True. But I think there are valid reasons for doing it this way.
One major problem is handles. Either the kernel must allocate all handles, or
userspace must allocate all handles. Take something like the implementation of
DuplicateHandle() - dead easy really in kernel space, including duplication to
another process.
If userspace tells the kernel to use handle X for a mutex, say, and handle Y
for a semaphore, then userspace still has to go to atomic management code to
(a) allocate a handle, and (b) access a handle. And to implement cross-process
duplication, you either need some sort of interrupt & IPC mechanism, or an
external process (the wineserver). This being the case, you lose any gains by
putting the stuff in-kernel.
Alternatively, if userspace is allowed to implement arbitrary handles that are
allocated by the kernel, then the kernel waiting mechanism can get a little
tricky. However, that said, for non-waitable objects, this might not be so
bad. In fact, I'm planning on implementing the registry access handles this
way and may well do some of the process and thread control this way too.

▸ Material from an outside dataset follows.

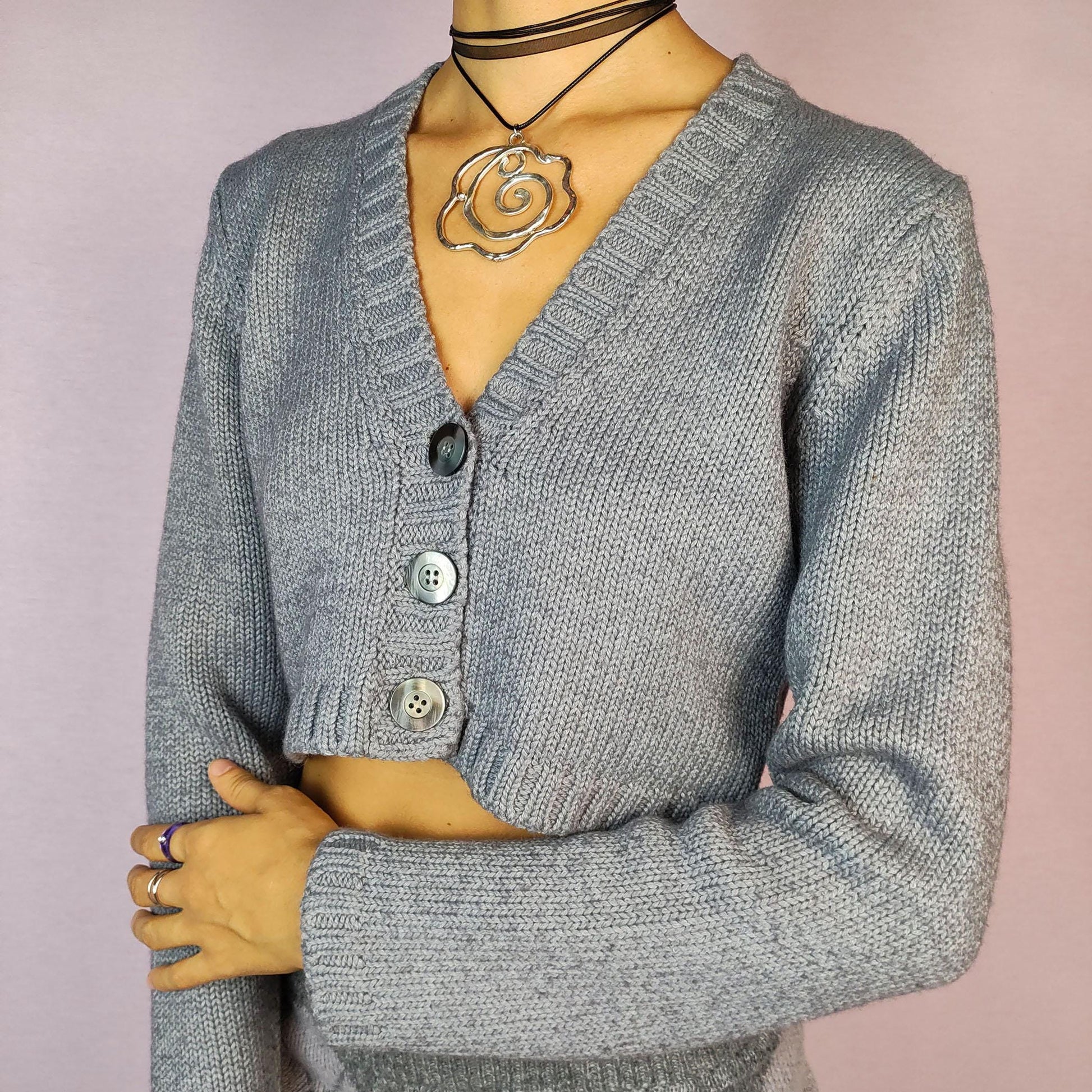 The Y2K Gray Cropped Cardigan is a vintage 2000s sweater featuring a classic V-neck design with a button-front closure, long sleeves, and ribbed detailing on the hem and cuffs. Crafted from a merino wool and acrylic blend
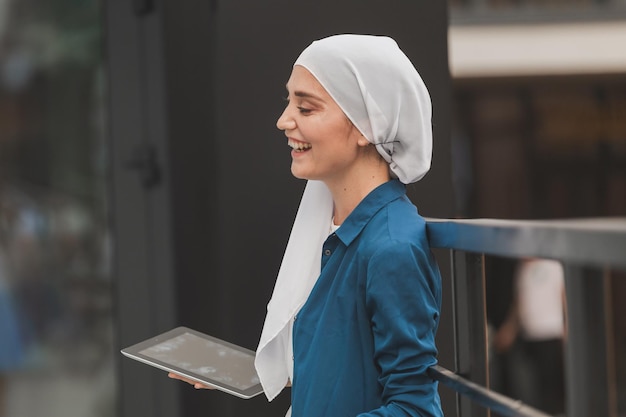 Piękna muzułmańska dziewczyna używa cyfrowego tabletu do komunikacji z przyjacielem na świeżym powietrzu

Furthermore, the kernel would have to be given object handles not object
pointers, otherwise you have a gaping security hole.
And another major problem is context switches... they are horribly expensive
really. They currently make Wine with at least 20 times the system call
latency that the kernel method is capable of.
...
And then there will be boatloads of debugging to do.
Perhaps not as much as you think... I'm doing as much debugging as I can as I
go along, just making sure the kernel objects work as I'd expect (not
necessarily the same thing, true, as having "compatible" behaviour).
...
If there's any way that you can implement your kernel module more within the
context of the existing server architecture - replacing objects on a piece
by piece fashion rather than all at once - that might make it easier to
adopt.
See above for why the piece-by-piece method is difficult.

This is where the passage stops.